Еще не было сомнений, не было понимания происходящего. Я нашла тысячи оправданий и причин. Он вернется, ворвется в нашу спальню и будет брать меня до изнеможения, потому что соскучился и изголодался по мне. Я толкнула дверь спальни, где спала еще прошлой ночью, но та оказалась запертой на ключ, и я пошла в свою комнату.

Прождала почти до самого утра. Ворочалась. Подбегала к окну, снова набирала его номер, пока не уснула в кресле. Меня разбудил звук поворачивающейся дверной ручки. Я вскочила и с радостным всхлипом бросилась к двери – пришел наконец-то.

– Ромааа…– и осеклась.

Дверь распахнулась сама, на пороге я увидела Кристину и еще двух девушек. Они обошли меня, как какой-то предмет мебели, и зашли в мою спальню. Одна из них начала вытаскивать мои вещи из шкафа и бросать на кресло, а вторая сворачивать постельное белье. Кристина демонстративно заглядывала в ящики тумбочек.

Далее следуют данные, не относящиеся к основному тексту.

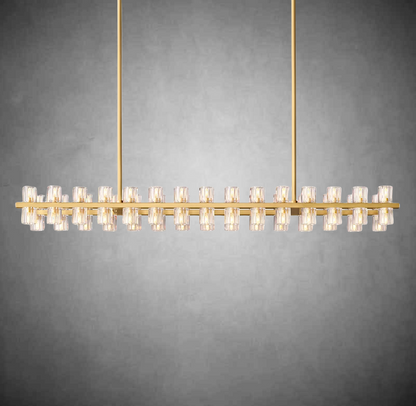 Wine-glass Rectangular Chandelier 54" 72"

Я обернулась к ним, чувствуя, как гулко бьется сердце и почему-то немеют кончики пальцев.

– Что вы здесь делаете? Кто вам позволил трогать мои вещи? Что происходит? Уходите отсюда!

Кристина повернулась ко мне и вздернула бровь… в ее глазах читался явный триумф и какое-то дикое наслаждение, ее от него трясло, и она не могла сдержать улыбки, а у меня тисками сдавило грудь от предчувствия. Так сильно, что в глазах слегка зарябило, и я чуть пошатнулась.

– Они выполняют приказ хозяина.

– К…к..какой приказ? – хватаясь за воздух позади себя, чтобы на что-то облокотиться, ноги вдруг стали ватными.

– Собрать ваши вещи и освободить комнату.

Я смотрела на нее застывшим взглядом, ничего не понимая, чувствуя, как вращается подо мной пол и плывут стены вместе с лицом Кристины, красным размазанным пятном сверкает ее помада, она протянула мне конверт.

– Здесь расчетный лист и чек. Роман Павлович больше не нуждается в ваших услугах. Вы уволены и должны покинуть этот дом в ближайшие три четверти часа.